Paul goes with this same sentiment in 1 Timothy 6: “Instruct [the rich] to do what is good, to be rich in good works, to be generous and willing to share, storing up treasure for themselves as a good foundation for the coming age, so that they may take hold of what is truly life” (vs 18-19).


That last thought of Paul’s is interesting. It seems that he believed that one can enhance one’s experience of the Kingdom by trading good works for heavenly riches. What are theses riches? That is hotly debated, and answers range from the praise of God to literal heavenly wealth to greater authority and rule in the Kingdom.

Regardless of what these rewards are (and there is much more that could be said about this topic in general), we need to take stock of our life and see if we believe this. Does the way we strive to leverage our lives—our time, talent, and treasure—show clearly that we expect to receive a reward that far outshines what we have done? Where do our earthly lives show that our home is?

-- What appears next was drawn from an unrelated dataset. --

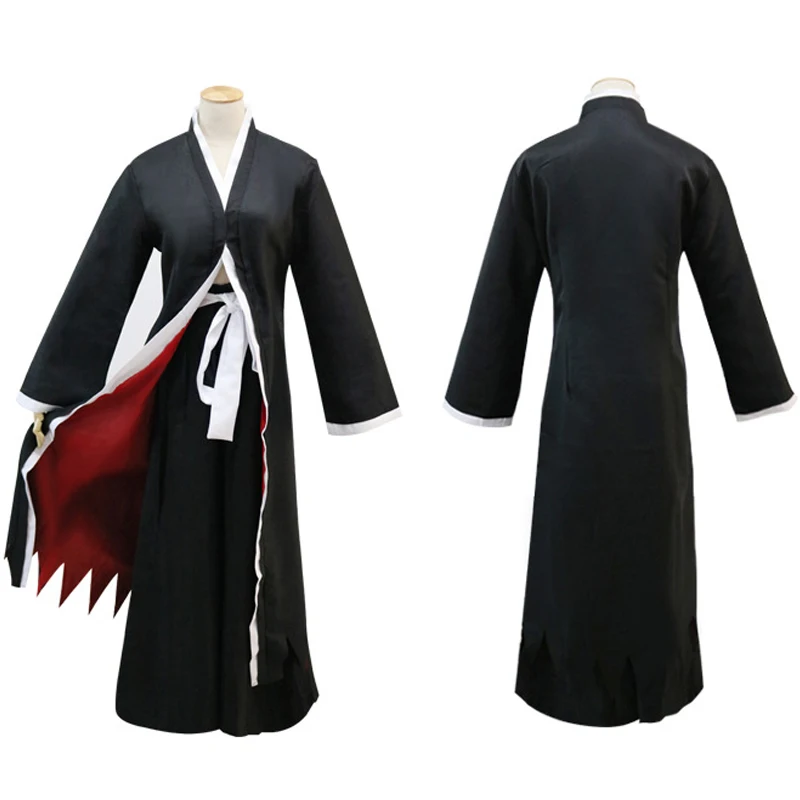 Cosplay&Ware [4]Anime Bleach Cosplay Costumes Ichigo Kurosaki Costume Death Uniform Halloween Party -Cosplay&Ware anime Shop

John Calvin, in writing on this topic of heavenly reward, says[2] that to truly understand this topic and live it out is to be like a family who sends all their goods and furniture to the house they just purchased, while still eating dinner on the floor of their old apartment, using paper plates and plastic utensils. Their assurance of the superior worth of their new home allows them to live joyfully deprived lives while they wait for the glorious home that’s to come.

-Alex Nolette (Equip Coordinator)

[1] I recognize that there is some debate as to whether the rewards in Matthew 6 are given in heaven or at some point in the present. But, while conceding this, I find it to be sure ground that many who read these verses will think of heavenly rewards.

[2] I have expanded this analogy, but I am convinced that Calvin would approve.